Data excerpts
[Start of Attachment]

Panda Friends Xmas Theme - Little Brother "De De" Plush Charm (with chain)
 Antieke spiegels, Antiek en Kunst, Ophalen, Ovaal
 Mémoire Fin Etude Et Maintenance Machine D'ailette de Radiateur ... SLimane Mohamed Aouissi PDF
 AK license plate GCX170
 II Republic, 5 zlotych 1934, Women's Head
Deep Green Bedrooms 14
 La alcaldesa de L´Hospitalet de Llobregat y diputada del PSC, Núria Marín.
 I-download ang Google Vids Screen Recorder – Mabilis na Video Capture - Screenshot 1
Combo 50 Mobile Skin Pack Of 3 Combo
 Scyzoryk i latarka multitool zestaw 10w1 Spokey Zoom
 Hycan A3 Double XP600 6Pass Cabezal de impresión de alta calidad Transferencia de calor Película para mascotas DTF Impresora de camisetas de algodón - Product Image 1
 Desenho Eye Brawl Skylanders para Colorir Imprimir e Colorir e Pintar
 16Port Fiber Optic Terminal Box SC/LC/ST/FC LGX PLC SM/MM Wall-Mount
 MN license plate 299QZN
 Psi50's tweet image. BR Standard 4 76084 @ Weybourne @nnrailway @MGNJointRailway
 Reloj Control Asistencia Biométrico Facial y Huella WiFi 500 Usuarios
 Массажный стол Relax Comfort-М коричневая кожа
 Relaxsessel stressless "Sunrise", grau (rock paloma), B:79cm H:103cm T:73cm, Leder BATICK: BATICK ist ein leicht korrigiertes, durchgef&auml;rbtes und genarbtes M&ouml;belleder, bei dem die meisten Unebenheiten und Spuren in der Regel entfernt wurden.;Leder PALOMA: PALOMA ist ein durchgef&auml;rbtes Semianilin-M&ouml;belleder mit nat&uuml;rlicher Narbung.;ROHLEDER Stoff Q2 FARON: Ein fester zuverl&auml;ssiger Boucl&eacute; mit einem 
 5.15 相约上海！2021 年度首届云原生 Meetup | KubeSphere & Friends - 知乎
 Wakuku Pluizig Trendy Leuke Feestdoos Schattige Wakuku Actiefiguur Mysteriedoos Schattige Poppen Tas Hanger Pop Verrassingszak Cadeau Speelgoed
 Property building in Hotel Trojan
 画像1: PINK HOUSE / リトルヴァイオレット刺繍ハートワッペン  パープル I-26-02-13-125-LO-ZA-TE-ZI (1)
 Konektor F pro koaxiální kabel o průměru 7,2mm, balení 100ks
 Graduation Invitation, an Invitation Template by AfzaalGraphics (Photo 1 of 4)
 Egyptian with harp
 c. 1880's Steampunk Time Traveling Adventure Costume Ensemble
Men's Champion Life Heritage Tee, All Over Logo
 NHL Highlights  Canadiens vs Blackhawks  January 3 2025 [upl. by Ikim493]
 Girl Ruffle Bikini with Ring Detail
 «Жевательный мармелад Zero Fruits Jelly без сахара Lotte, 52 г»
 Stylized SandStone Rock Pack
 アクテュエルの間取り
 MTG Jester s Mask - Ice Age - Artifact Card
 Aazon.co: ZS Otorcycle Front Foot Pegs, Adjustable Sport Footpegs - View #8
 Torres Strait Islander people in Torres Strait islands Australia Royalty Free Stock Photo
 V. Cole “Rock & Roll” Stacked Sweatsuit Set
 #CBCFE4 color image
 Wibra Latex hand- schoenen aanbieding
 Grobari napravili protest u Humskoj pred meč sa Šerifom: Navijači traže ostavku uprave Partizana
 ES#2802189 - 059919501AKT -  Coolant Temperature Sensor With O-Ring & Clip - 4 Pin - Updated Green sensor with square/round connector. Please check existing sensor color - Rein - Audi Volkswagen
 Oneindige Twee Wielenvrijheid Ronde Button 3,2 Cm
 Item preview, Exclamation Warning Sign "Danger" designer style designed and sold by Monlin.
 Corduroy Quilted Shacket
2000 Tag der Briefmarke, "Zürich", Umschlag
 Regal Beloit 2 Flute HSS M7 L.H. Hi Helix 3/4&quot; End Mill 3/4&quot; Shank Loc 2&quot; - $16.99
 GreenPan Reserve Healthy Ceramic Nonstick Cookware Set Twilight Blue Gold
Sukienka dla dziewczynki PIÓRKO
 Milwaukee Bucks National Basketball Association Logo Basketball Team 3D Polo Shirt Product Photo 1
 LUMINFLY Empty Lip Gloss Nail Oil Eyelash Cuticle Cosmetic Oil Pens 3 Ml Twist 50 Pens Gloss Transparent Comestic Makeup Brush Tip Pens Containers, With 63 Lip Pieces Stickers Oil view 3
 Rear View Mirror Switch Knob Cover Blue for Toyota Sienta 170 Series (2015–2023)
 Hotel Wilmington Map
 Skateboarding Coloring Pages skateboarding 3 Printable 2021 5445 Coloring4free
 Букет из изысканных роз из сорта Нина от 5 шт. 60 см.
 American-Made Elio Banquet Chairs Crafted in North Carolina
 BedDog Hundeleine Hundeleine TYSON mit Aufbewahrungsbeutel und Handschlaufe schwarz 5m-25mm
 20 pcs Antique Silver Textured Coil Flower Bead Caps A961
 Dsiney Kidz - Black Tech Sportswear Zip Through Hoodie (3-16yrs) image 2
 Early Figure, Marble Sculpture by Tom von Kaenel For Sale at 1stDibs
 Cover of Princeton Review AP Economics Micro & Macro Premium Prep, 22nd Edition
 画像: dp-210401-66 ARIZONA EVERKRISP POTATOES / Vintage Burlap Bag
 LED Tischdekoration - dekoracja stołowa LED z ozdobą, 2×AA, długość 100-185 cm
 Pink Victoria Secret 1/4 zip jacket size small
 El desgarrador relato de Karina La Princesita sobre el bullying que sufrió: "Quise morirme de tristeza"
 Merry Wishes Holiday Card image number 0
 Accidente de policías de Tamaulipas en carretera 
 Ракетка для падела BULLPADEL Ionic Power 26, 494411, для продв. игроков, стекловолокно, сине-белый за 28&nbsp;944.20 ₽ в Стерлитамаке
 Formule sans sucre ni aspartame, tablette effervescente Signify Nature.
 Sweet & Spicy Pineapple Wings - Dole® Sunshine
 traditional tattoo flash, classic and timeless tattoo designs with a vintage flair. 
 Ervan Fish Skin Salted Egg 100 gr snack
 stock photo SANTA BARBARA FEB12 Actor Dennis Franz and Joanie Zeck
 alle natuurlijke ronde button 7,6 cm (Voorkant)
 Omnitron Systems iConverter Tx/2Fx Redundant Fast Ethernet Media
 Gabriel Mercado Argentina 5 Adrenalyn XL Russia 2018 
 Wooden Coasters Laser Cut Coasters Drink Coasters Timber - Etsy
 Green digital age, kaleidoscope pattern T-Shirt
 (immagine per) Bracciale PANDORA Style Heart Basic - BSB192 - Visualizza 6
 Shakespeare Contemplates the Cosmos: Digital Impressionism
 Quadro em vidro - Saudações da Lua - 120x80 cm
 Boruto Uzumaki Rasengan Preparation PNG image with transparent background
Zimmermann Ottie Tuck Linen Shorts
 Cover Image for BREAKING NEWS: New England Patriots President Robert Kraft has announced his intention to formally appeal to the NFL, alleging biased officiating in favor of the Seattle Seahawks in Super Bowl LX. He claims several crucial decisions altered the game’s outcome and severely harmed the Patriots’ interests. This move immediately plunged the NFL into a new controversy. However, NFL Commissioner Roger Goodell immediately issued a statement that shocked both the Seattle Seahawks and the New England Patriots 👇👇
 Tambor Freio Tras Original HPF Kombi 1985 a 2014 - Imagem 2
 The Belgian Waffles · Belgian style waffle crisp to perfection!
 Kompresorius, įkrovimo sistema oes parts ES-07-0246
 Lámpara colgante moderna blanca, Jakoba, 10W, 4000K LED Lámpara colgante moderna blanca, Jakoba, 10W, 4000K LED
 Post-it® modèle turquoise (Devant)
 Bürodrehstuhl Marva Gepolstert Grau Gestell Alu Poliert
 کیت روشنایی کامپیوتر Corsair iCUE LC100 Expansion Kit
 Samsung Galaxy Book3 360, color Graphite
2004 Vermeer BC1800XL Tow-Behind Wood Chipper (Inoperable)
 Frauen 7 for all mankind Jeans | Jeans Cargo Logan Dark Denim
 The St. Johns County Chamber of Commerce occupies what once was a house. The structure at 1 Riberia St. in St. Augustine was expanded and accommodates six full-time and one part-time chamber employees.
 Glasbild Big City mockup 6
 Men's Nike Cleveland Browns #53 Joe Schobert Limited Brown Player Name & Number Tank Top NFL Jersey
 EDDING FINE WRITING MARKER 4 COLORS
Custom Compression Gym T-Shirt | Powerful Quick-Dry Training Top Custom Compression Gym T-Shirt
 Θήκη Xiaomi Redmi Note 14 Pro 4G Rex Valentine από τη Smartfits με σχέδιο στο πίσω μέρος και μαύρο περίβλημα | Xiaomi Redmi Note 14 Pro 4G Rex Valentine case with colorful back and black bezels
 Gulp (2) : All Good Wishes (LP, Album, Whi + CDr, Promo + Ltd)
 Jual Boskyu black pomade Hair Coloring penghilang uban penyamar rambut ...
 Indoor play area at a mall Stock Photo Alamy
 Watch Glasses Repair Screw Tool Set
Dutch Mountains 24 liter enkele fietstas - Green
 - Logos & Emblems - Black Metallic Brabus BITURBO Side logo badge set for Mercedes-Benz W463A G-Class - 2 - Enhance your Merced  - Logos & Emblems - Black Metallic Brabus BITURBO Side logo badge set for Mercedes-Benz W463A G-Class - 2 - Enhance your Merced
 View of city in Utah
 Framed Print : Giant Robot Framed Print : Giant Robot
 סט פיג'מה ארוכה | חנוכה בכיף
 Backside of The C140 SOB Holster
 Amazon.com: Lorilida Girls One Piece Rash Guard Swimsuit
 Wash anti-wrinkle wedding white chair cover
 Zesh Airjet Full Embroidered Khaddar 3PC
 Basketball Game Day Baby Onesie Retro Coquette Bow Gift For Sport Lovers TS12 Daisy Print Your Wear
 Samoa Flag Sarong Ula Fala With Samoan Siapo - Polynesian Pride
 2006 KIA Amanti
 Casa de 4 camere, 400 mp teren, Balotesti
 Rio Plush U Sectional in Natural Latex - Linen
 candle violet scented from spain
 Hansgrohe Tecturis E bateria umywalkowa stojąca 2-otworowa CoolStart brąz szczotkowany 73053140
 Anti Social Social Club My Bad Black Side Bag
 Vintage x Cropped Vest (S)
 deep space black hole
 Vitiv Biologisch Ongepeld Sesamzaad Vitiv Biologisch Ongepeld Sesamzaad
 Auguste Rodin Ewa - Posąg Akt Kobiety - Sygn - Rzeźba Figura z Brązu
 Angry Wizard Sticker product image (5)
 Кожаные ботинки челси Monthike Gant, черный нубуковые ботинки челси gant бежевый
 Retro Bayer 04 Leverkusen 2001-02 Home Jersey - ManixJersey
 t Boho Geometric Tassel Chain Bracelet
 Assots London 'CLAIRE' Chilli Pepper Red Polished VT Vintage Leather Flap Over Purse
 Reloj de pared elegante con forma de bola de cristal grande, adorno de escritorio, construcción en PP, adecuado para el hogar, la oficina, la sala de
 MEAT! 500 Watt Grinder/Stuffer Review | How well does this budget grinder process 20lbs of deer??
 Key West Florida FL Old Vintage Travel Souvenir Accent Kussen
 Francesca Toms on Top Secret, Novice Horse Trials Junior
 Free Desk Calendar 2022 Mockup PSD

[End of Attachment]

Go to the line with "Casa de 4 camere, 400 mp teren, Balotesti" in the entries above and repeat every line from there through the line with "Reloj de pared", exactly and with no other text.

 Casa de 4 camere, 400 mp teren, Balotesti
 Rio Plush U Sectional in Natural Latex - Linen
 candle violet scented from spain
 Hansgrohe Tecturis E bateria umywalkowa stojąca 2-otworowa CoolStart brąz szczotkowany 73053140
 Anti Social Social Club My Bad Black Side Bag
 Vintage x Cropped Vest (S)
 deep space black hole
 Vitiv Biologisch Ongepeld Sesamzaad Vitiv Biologisch Ongepeld Sesamzaad
 Auguste Rodin Ewa - Posąg Akt Kobiety - Sygn - Rzeźba Figura z Brązu
 Angry Wizard Sticker product image (5)
 Кожаные ботинки челси Monthike Gant, черный нубуковые ботинки челси gant бежевый
 Retro Bayer 04 Leverkusen 2001-02 Home Jersey - ManixJersey
 t Boho Geometric Tassel Chain Bracelet
 Assots London 'CLAIRE' Chilli Pepper Red Polished VT Vintage Leather Flap Over Purse
 Reloj de pared elegante con forma de bola de cristal grande, adorno de escritorio, construcción en PP, adecuado para el hogar, la oficina, la sala de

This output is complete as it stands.